L’ex-candidate socialiste à la présidentielle sera, à la rentrée, chroniqueuse de Cyril Hanouna sur C8, chaîne de Vincent Bolloré qui s’apprête à consolider un groupe d’extrême droite dans les médias. Lettre d’un journaliste inquiet pour son métier.
Vous allez sans doute prendre ces mots pour ceux d’un journaliste bobo déphasé, la missive d’un plumitif boursouflé de sa morgue snobinarde, vierge effarouchée devant l’émission regardée par une population qui ne lui ressemble pas. Vous allez certainement vous dire (si vous lisez cet article) que ce sont les mots de cette gauche «bien-pensante» et arrogante qui vous a raillé, dénigré et pris de haut lors de votre campagne de 2007. Ce n’est, en réalité, que le texte d’un journaliste qui s’inquiète des attaques contre son métier. Vous allez, en devenant chroniqueuse dans l’émission de Cyril Hanouna sur C8, cautionner un fossoyeur du journalisme. Et ce n’est vraiment pas le moment.
Certes, quand on estime avoir quelque chose à dire, quand on pense qu’il faut s’adresser à un public en particulier, on choisit le média qui le touche. Après tout, on imagine que vous ne participerez pas aux séquences de vulgarités dont cette émission est truffée, que vous ne serez pas mêlée aux moments pénibles d’humiliations de ses chroniqueurs par le présentateur vedette, au style de parrain clownesque. Votre rang d’ancienne candidate au second tour de la présidentielle vous a certainement permis de négocier des séquences dignes. Parce que, dans ce genre d’émission, animée par ce présentateur en particulier, c’est la dignité qui se négocie. Non, ce n’est vraiment pas le moment d’aller user votre crédit pour Vincent Bolloré, ce grand patron réac et interventionniste, propriétaire notamment de Canal +, dont fait partie C8, qui s’apprête à nommer à la tête du Journal du Dimanche, autre média à la main du milliardaire, un idéologue d’extrême droite, tritureur de faits et promoteur de la théorie du grand remplacement.
Attention, vous ne devrez pas dire du mal de Vincent Bolloré. D’autres se sont essayés à cette liberté-là, ils ont eu une réponse de mafieux – «tu ne dois pas mordre la main qui t’a nourri». Mais vous n’en avez peut-être pas l’intention. Je sais bien que ma lettre risque d’être vaine parce que je crains que vous ayez accepté ce job pour de mauvaises raisons. Serait-ce pour continuer à exister médiatiquement ? Trouvez-vous qu’à part Sud Radio, les autres grands médias, et la presse écrite ne vous ouvrent pas assez leurs micros ou leurs colonnes ? Vous êtes-vous demandé pourquoi d’ailleurs ? Peut-être qu’ils ont le sentiment assez pénible, s’agissant de la femme qui a porté les espoirs de la gauche il y a seize ans et qui avait eu, avant tout le monde, l’intuition de la nécessité d’une démocratie plus «participative», la sensation assez pénible que votre ressentiment envers le reste de la classe politique et la presse en général, vous conduit à dire à peu près n’importe quoi, par exemple sur la guerre en Ukraine.
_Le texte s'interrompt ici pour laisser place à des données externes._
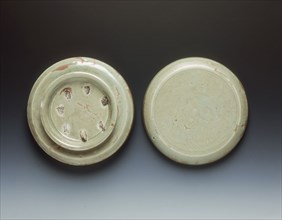 Yue celadon covered box, Five Dynasties-early Northern Song dynasty, China, 10th century. Artist: Unknown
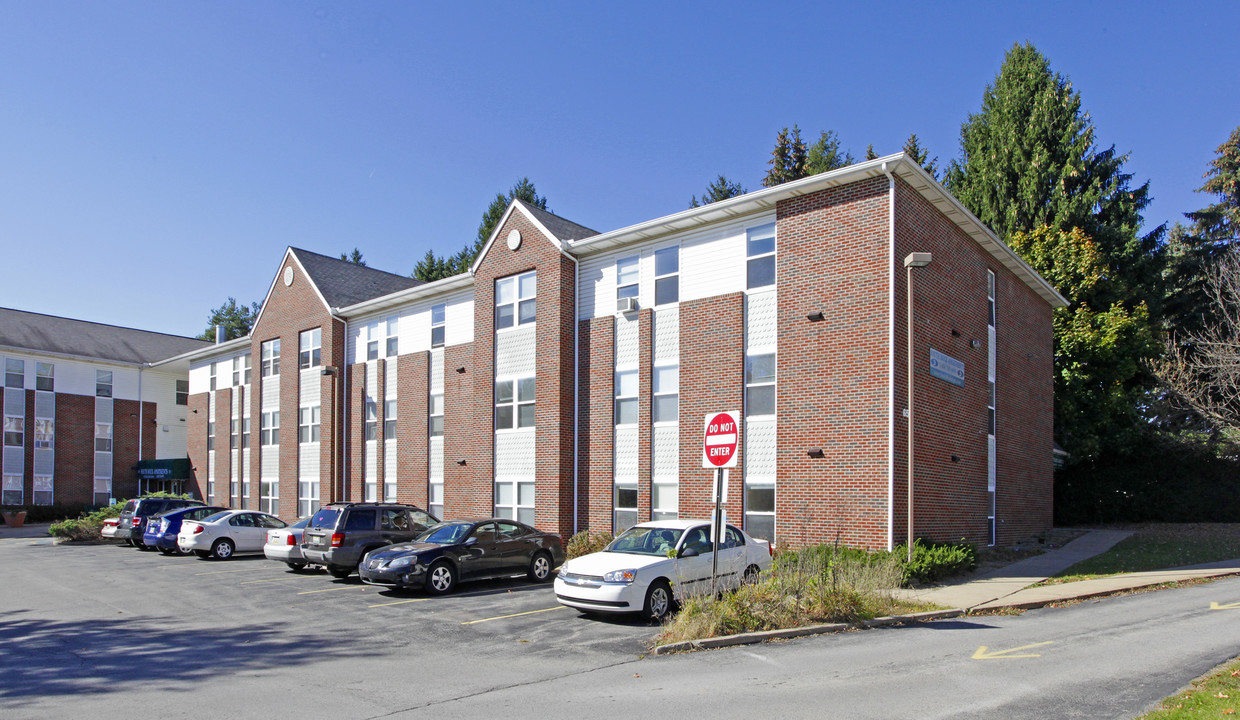 South Rock Apartment in Slippery Rock, PA - Foto de edificio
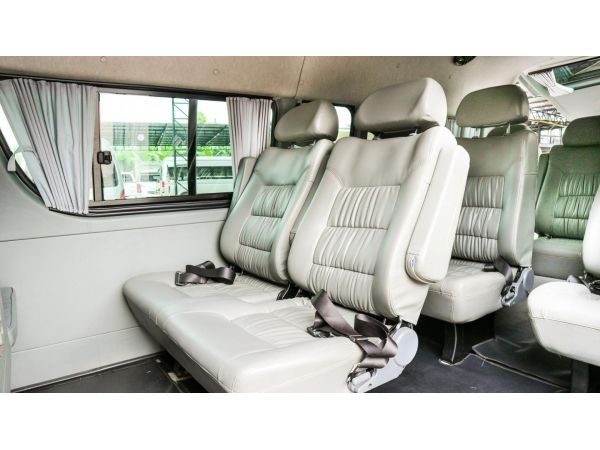 2013 Toyota Hiace 2.5 COMMUTER D4D Van MT รูปที่ 6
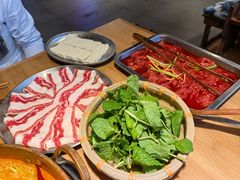 安格斯肥瘦牛肉-洱火云南酸菜牛肉火锅(石景山当代商城店)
Quelle autre raison qu’une aigreur jamais apaisée peut inciter une ancienne femme d’Etat à mettre en doute la réalité de certains crimes de guerre ultradocumentés en Ukraine, comme le bombardement début mars d’une maternité à Marioupol ? Quelle autre raison qu’une détestation d’un système médiatique, dont vous avez l’impression qu’il vous oublie, peut vous faire préférer la propagande russe aux informations d’une presse pluraliste, pour expliquer, comme vous l’avez fait, que le massacre de Boutcha est un instrument de «peur» utilisé par le président Zelensky ? Finalement, je m’aperçois en citant ces exemples qui en disent long sur votre souci de la vérité factuelle, que ma lettre de réclamation restera bien sûr lettre morte.